Thank goodness it’s April and it has been such a relief to have this some lovely weather recently over recent weeks.
I know that most of you will have been bombarded with information about the Budget from the accountancy press, but if you need to know more about the VAT changes, then you can check it out here http://www.hmrc.gov.uk/budget2011/taxes-duties.htm on the HMRC website.
This month, I’ve concentrated on 3 specific issues in a bit more detail than usual as they could affect many of your clients:
* Changes to VAT recovery rules
One of the most important developments over recent months has been the introduction of new rules relating to input tax recovery. The changes came into effect in January, but HMRC have only recently issued detailed guidance in VAT Information Sheet 06/11 here http://tinyurl.com/42oxgfl.

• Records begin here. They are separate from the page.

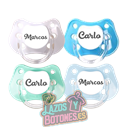PACK DE 4 CHUPETES PERSONALIZADOS CON NOMBRE - BEBÉ AZUL - 0 a 6 meses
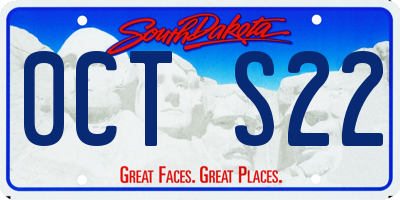 SD license plate 0CTS22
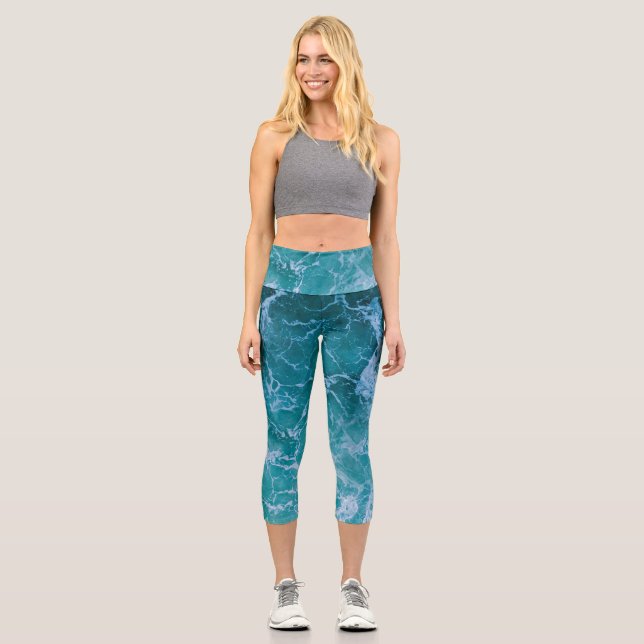 Deep Blue Ocean Waves Capri Leggings (Front)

The fundamental input tax principles haven’t changed, but the new rules mean that organisations who have both business and non-business expenditure – mostly charities and some educational establishments – have to change the way that they deal with VAT on non-business expenditure. The new rules also affect the recovery of VAT on goods or services acquired for both private and business – which would probably apply to owners of boats, planes and other large items.
The changes are as a result of the withdrawal of the Lennartz VAT accounting procedure. They include extending the VAT Capital Goods Scheme to planes, boats and other large value items and also changes to the payback/clawback provisions.
Please feel free to call me if you are at all confused about how to proceed. I personally have found the guidance challenging so I wouldn’t be at all surprised if others find it difficult to follow.
* Charities and Construction Work
The rules relating to VAT and construction are complicated. Even more so when they involve construction work for charities.
I’ve recently dealt with a situation where a charity has ended up with a £60k VAT bill on construction work, which could have been avoided or significantly reduced if the project had been designed differently. None of the professional parties involved – the accountants, the solicitors, or the builders, an established company, failed to recognise the potential to minimise or avoid the VAT cost. So the work was planned without any thought as to the potential VAT reliefs. And as the contract doesn’t adequately deal with VAT, both supplier and customer believe that the other party is liable to pay any VAT due.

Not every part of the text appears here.